Problem requirements:
From the records below, transcribe only the lines running from the one with "One thing that's" through the one with "Our services can". Keep both of those end lines.

Available records:
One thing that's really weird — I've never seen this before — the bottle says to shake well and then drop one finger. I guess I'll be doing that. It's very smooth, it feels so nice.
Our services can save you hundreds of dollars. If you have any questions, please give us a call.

--

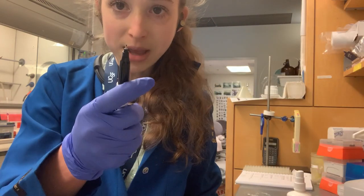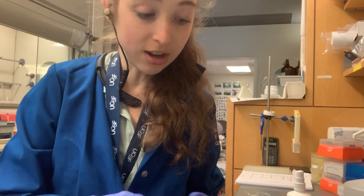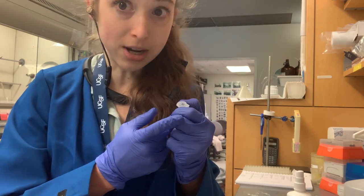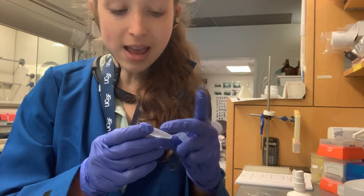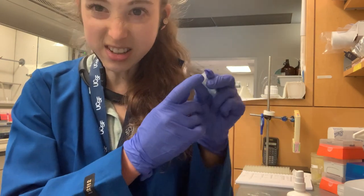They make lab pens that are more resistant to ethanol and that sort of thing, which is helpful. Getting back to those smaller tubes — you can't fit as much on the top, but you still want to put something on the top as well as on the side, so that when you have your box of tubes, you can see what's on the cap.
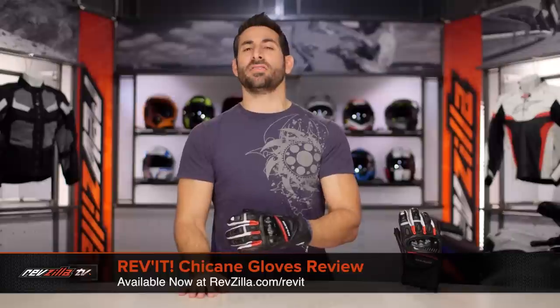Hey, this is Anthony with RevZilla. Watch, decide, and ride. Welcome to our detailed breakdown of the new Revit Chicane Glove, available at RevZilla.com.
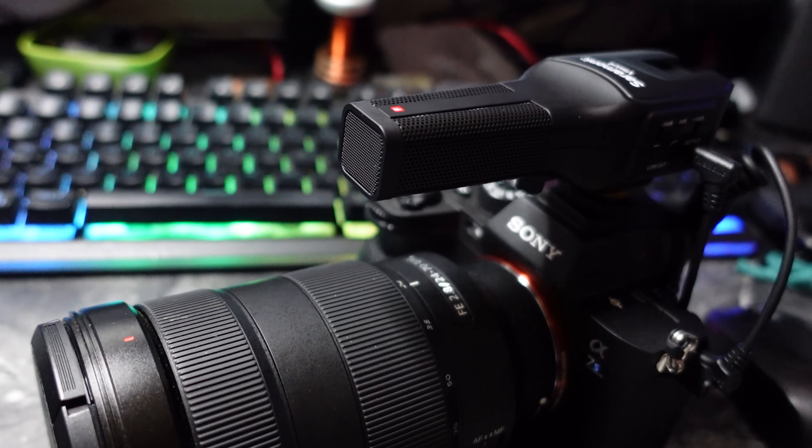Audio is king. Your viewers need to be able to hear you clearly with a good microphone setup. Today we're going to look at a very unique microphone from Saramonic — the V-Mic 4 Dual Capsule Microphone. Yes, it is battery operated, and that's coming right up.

Your response:
One thing that's really weird — I've never seen this before — the bottle says to shake well and then drop one finger. I guess I'll be doing that. It's very smooth, it feels so nice.
Our services can save you hundreds of dollars. If you have any questions, please give us a call.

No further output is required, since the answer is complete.